■ **Problem statement**
Pictures stay out, but every line of the data is copied exactly.
--- Listed records Enclosed Below ---
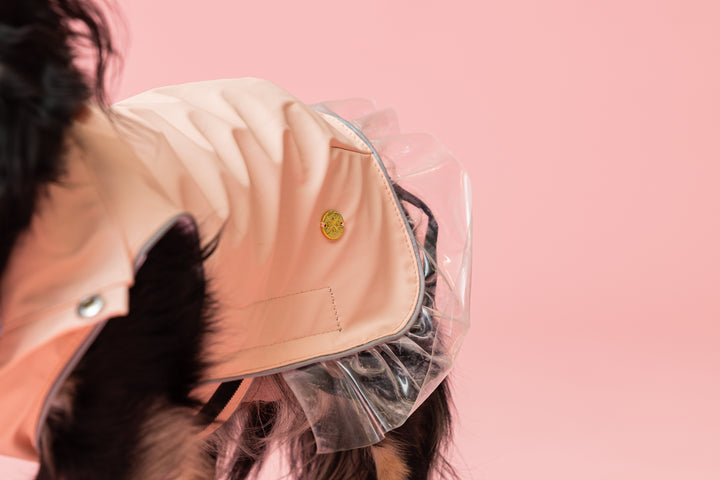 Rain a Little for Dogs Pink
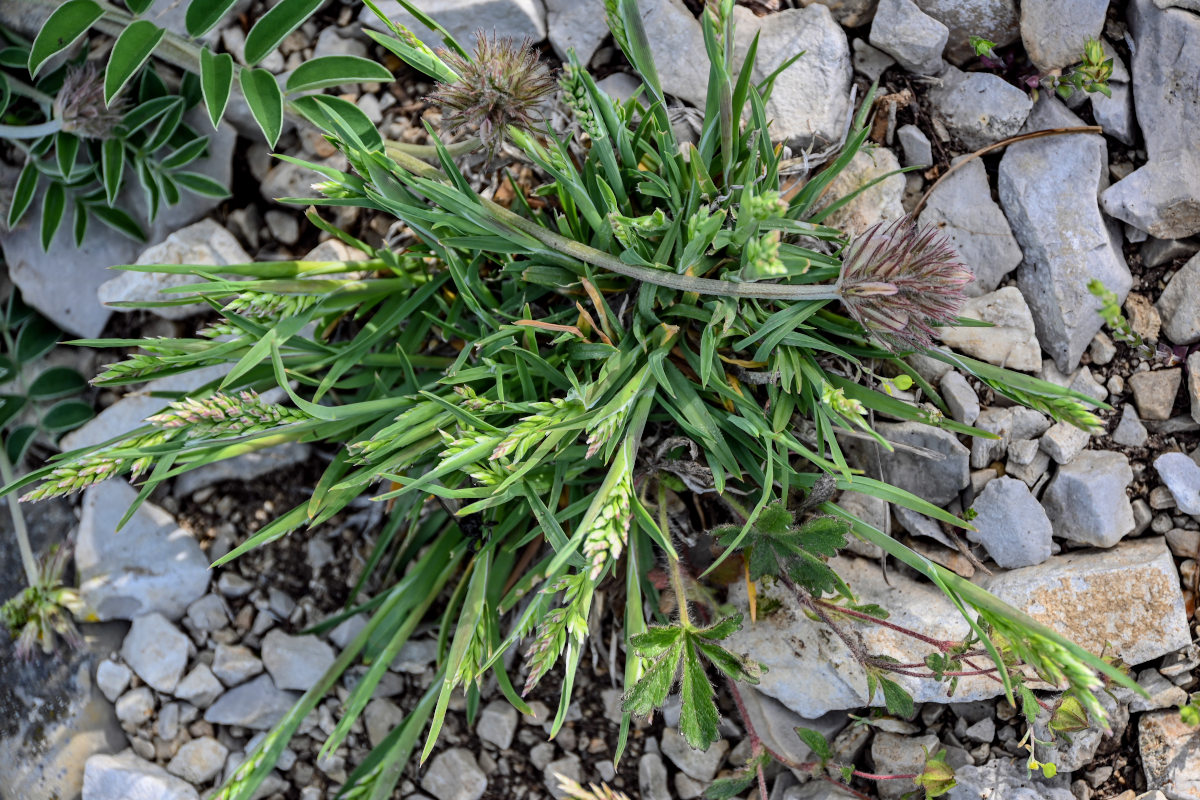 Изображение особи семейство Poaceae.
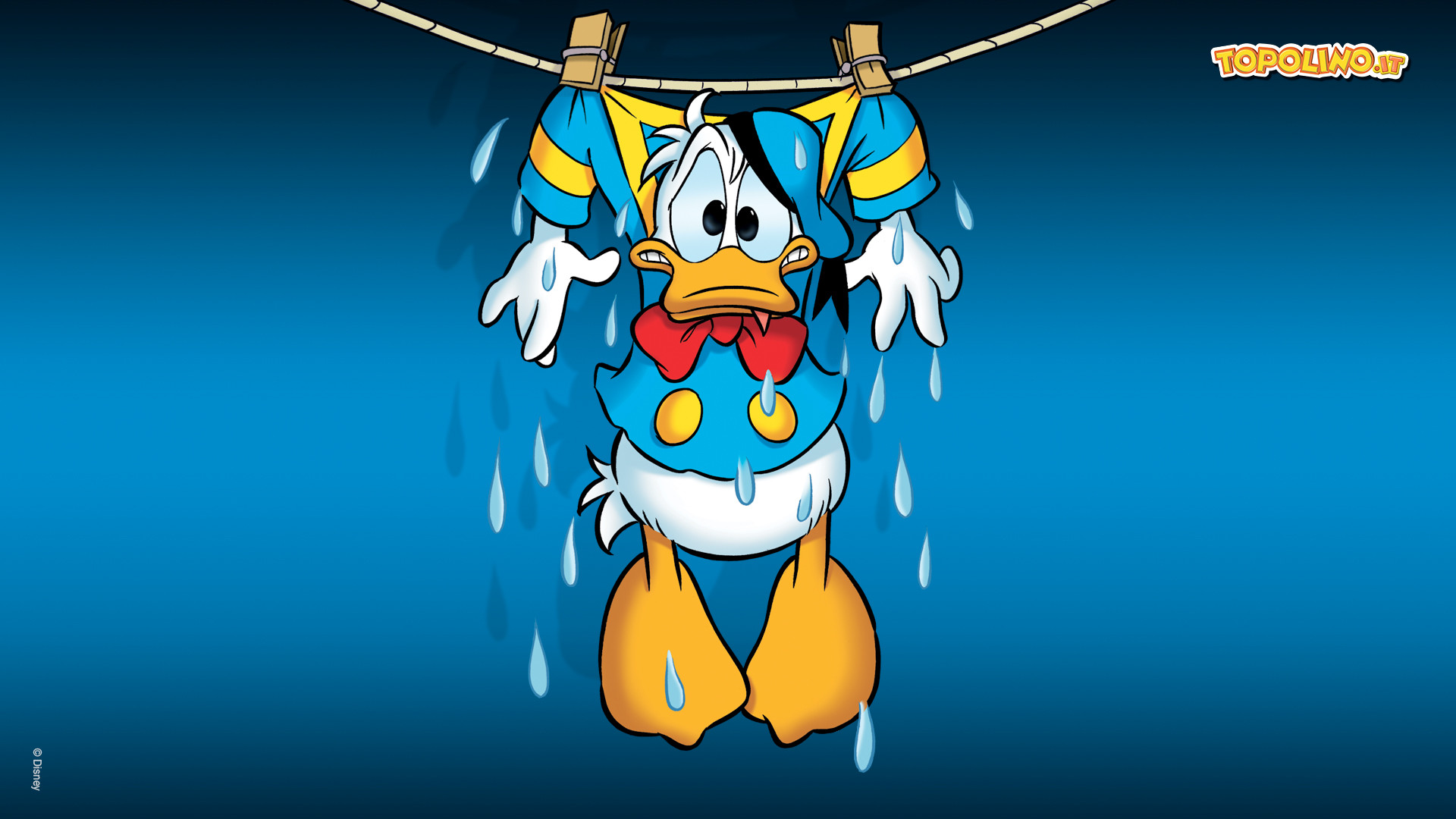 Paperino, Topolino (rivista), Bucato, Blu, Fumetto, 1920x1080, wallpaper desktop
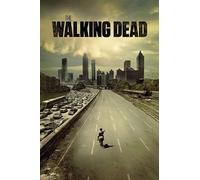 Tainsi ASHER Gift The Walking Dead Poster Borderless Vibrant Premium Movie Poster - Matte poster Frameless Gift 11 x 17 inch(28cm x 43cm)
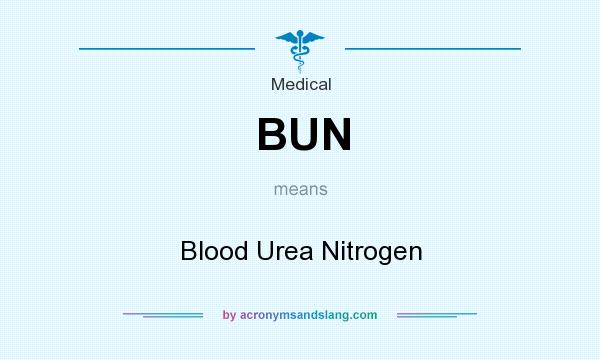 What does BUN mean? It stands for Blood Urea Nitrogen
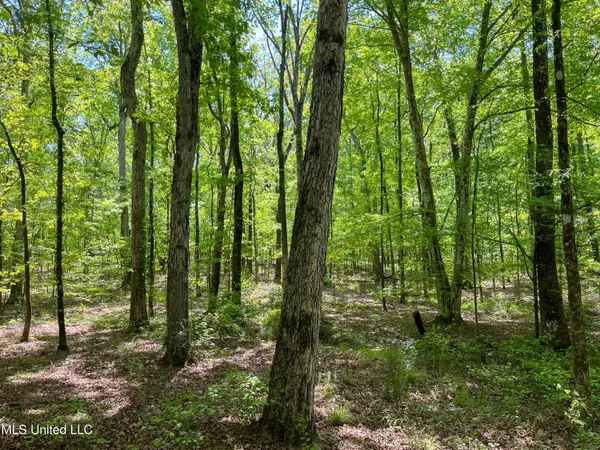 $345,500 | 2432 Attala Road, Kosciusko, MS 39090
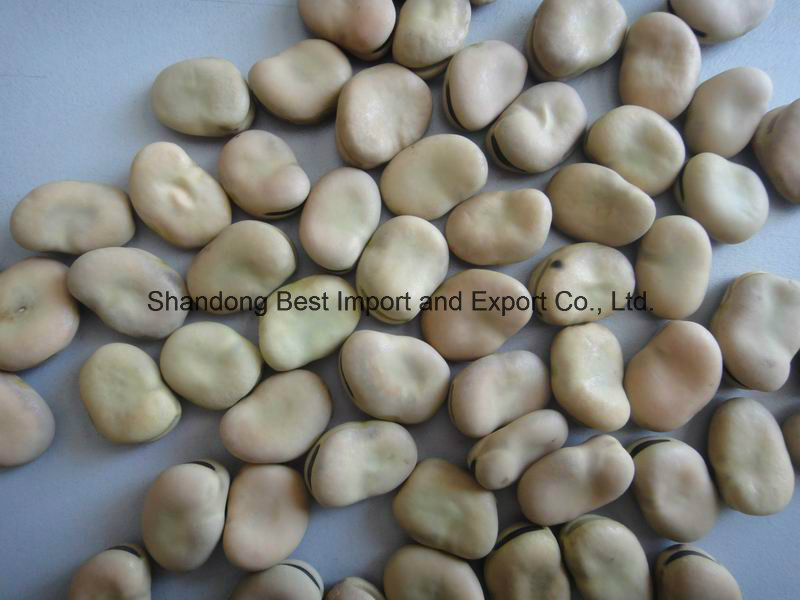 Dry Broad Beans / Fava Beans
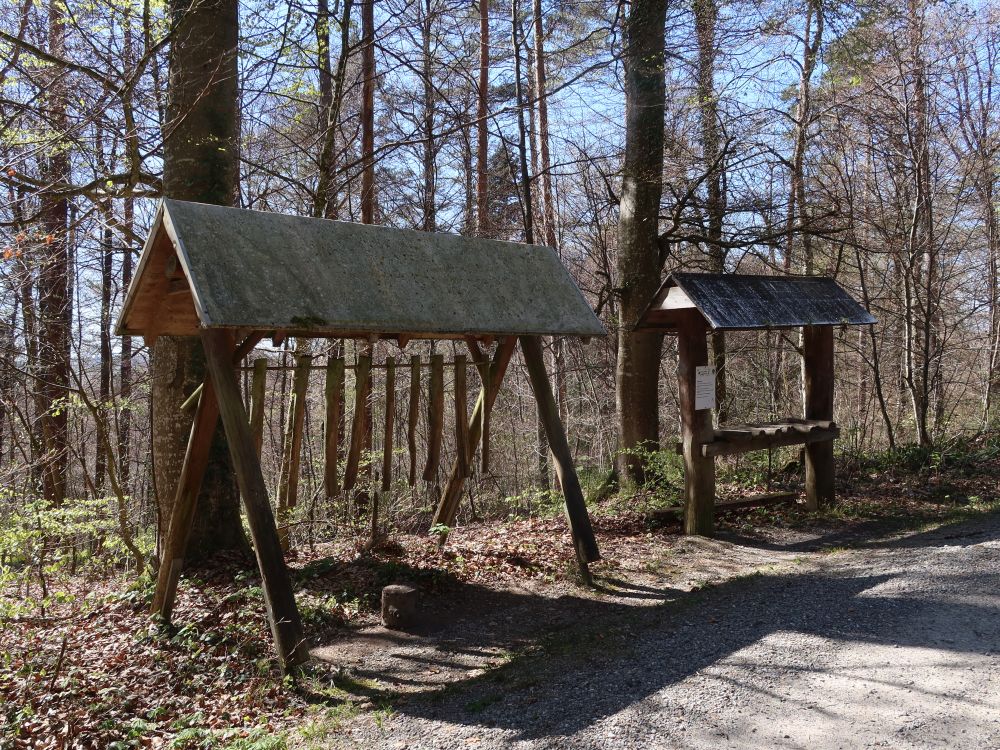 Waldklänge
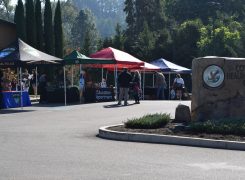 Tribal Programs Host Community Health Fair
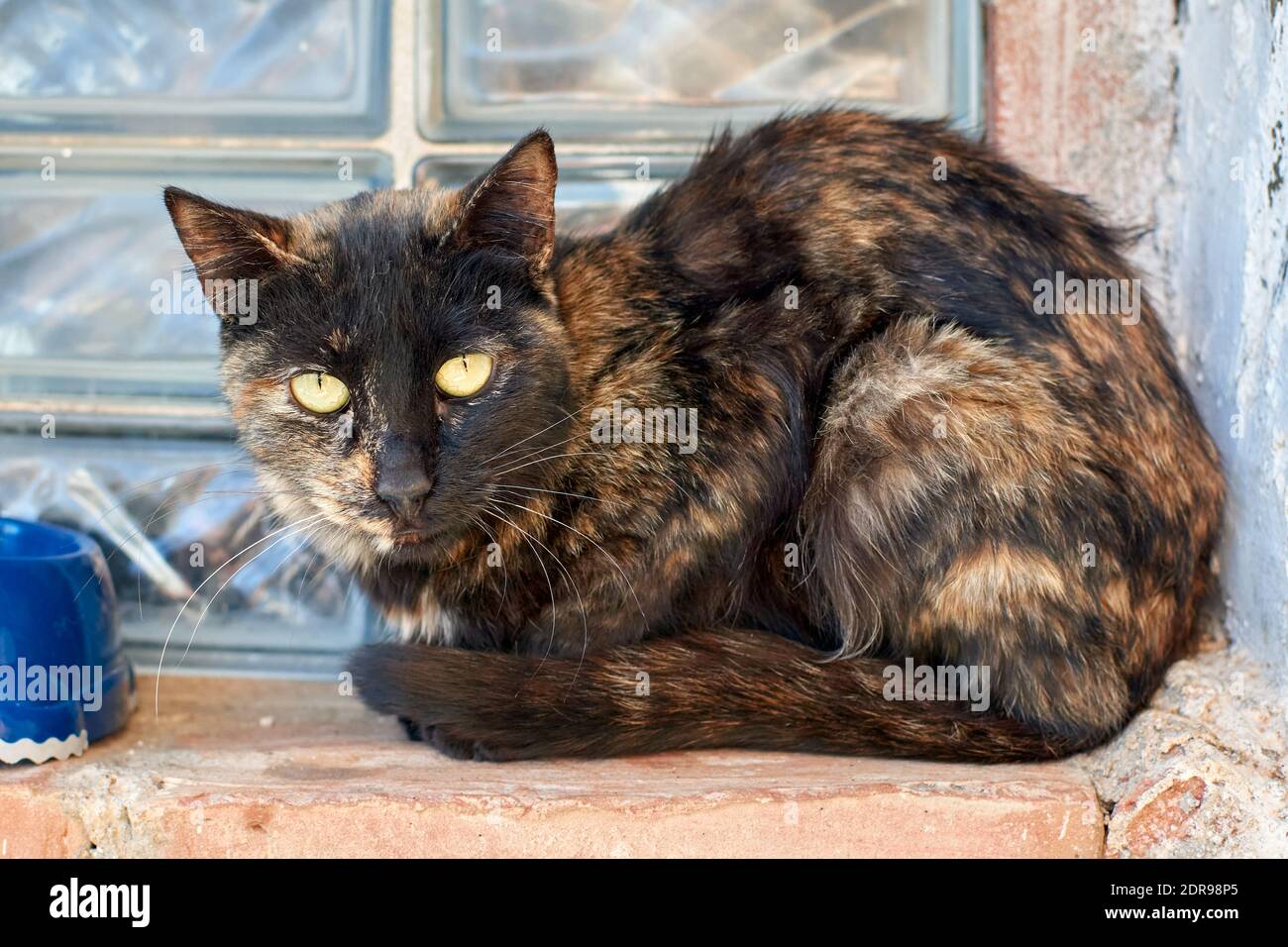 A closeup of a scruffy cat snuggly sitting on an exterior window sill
--- End of Enclosed Listed records ---
■ **Written reply**
 Rain a Little for Dogs Pink
 Изображение особи семейство Poaceae.
 Paperino, Topolino (rivista), Bucato, Blu, Fumetto, 1920x1080, wallpaper desktop
 Tainsi ASHER Gift The Walking Dead Poster Borderless Vibrant Premium Movie Poster - Matte poster Frameless Gift 11 x 17 inch(28cm x 43cm)
 What does BUN mean? It stands for Blood Urea Nitrogen
 $345,500 | 2432 Attala Road, Kosciusko, MS 39090
 Dry Broad Beans / Fava Beans
 Waldklänge
 Tribal Programs Host Community Health Fair
 A closeup of a scruffy cat snuggly sitting on an exterior window sill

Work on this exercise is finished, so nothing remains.